====== Information provided
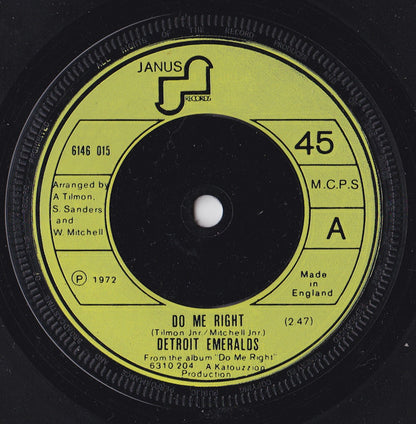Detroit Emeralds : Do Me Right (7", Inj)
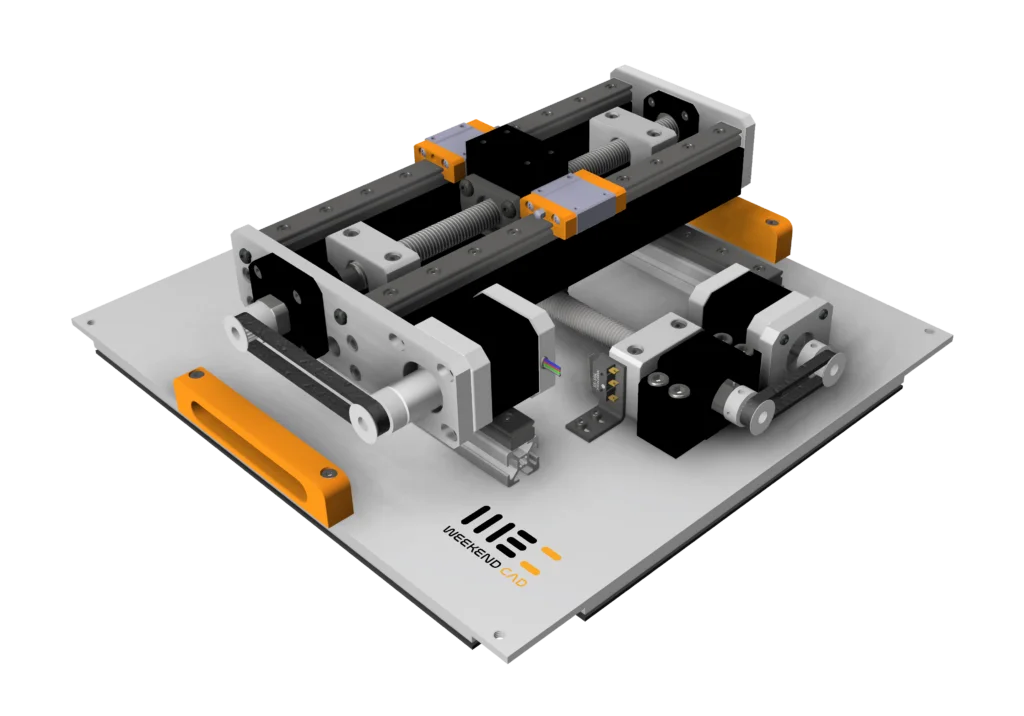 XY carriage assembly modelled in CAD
============
====== Information provided
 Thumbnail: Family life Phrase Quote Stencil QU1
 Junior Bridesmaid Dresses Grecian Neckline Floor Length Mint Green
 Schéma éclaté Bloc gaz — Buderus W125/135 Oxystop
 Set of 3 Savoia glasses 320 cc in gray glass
============
====== Information provided
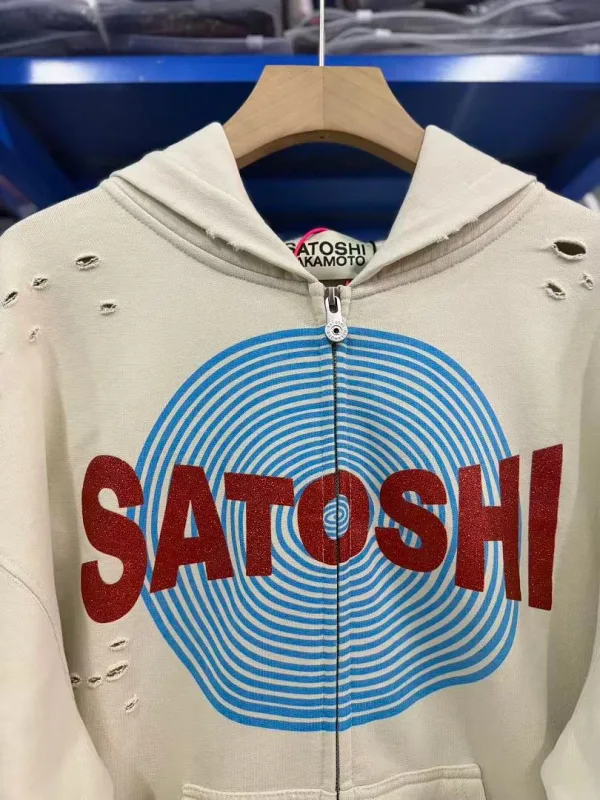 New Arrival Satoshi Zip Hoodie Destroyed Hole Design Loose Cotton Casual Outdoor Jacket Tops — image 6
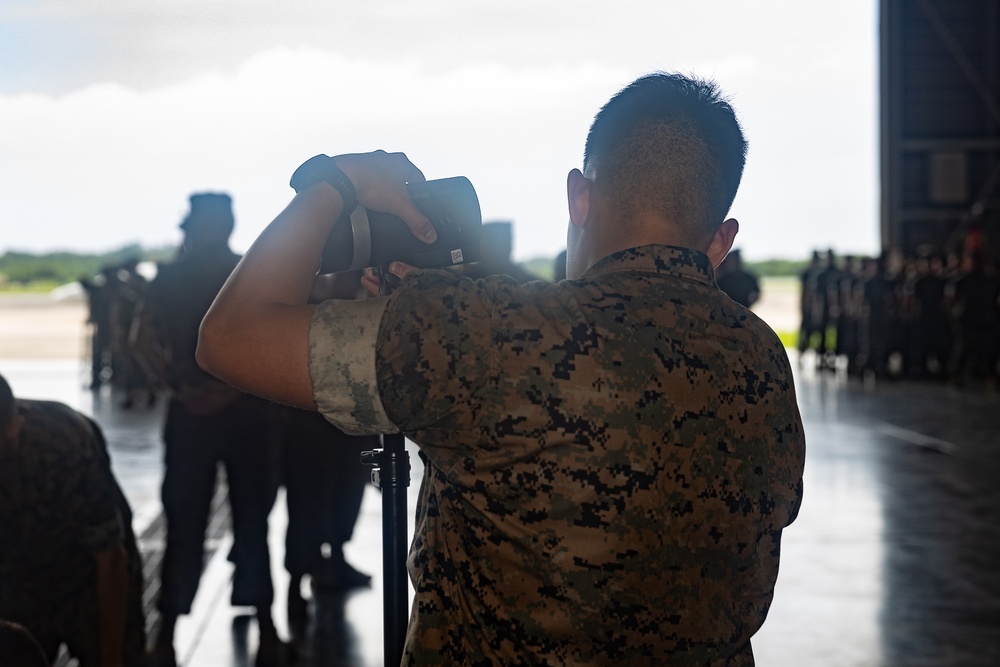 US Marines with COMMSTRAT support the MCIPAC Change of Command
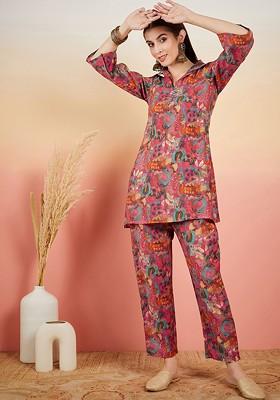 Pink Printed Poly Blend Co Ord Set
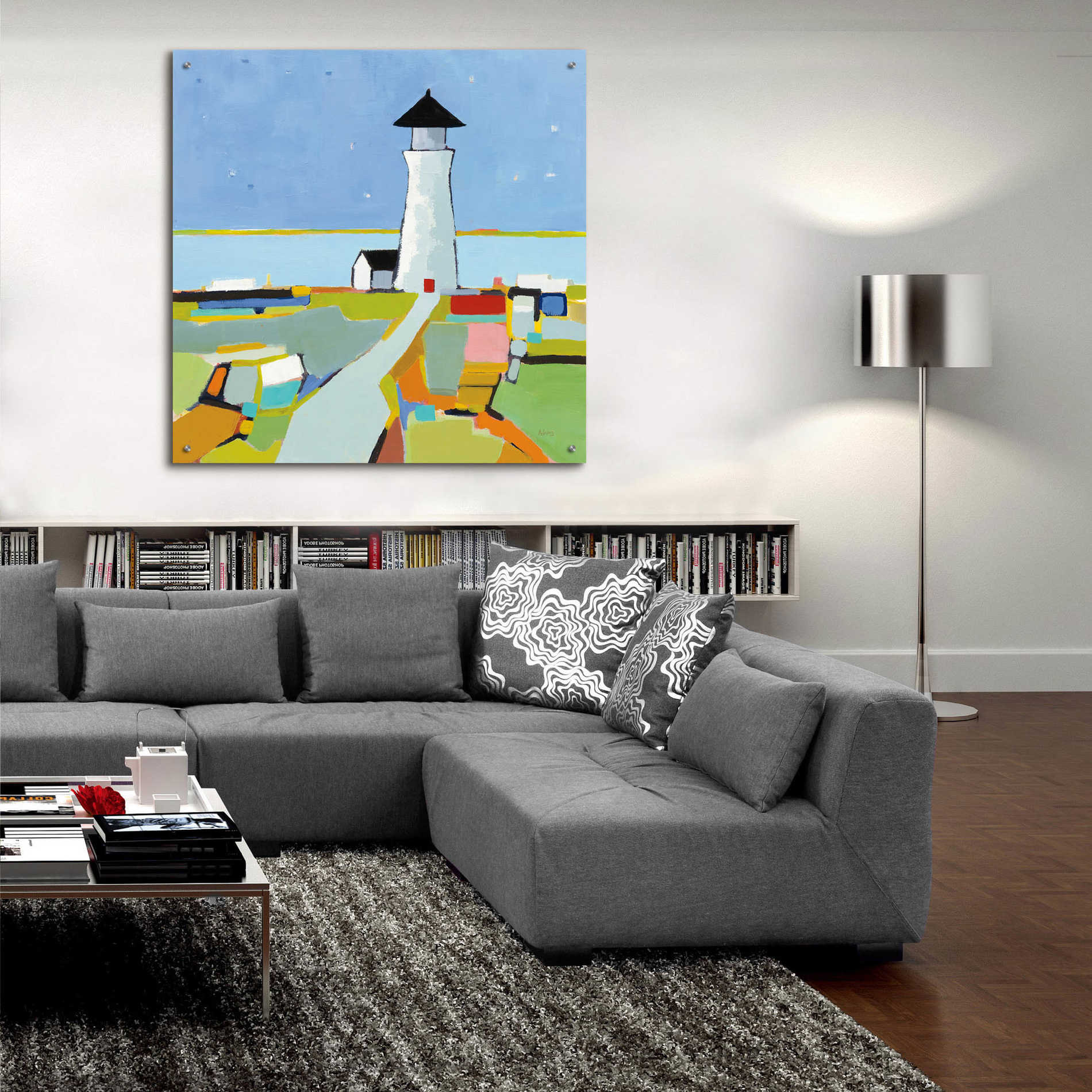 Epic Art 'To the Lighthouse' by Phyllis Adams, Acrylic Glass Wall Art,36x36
============
Task details:
Within the listing above, the lines from the one with "Detroit Emeralds : Do" through the one with "XY carriage assembly modelled in CAD" are to be given again word for word. Do not include pictures.

Answer below:
Detroit Emeralds : Do Me Right (7", Inj)
 XY carriage assembly modelled in CAD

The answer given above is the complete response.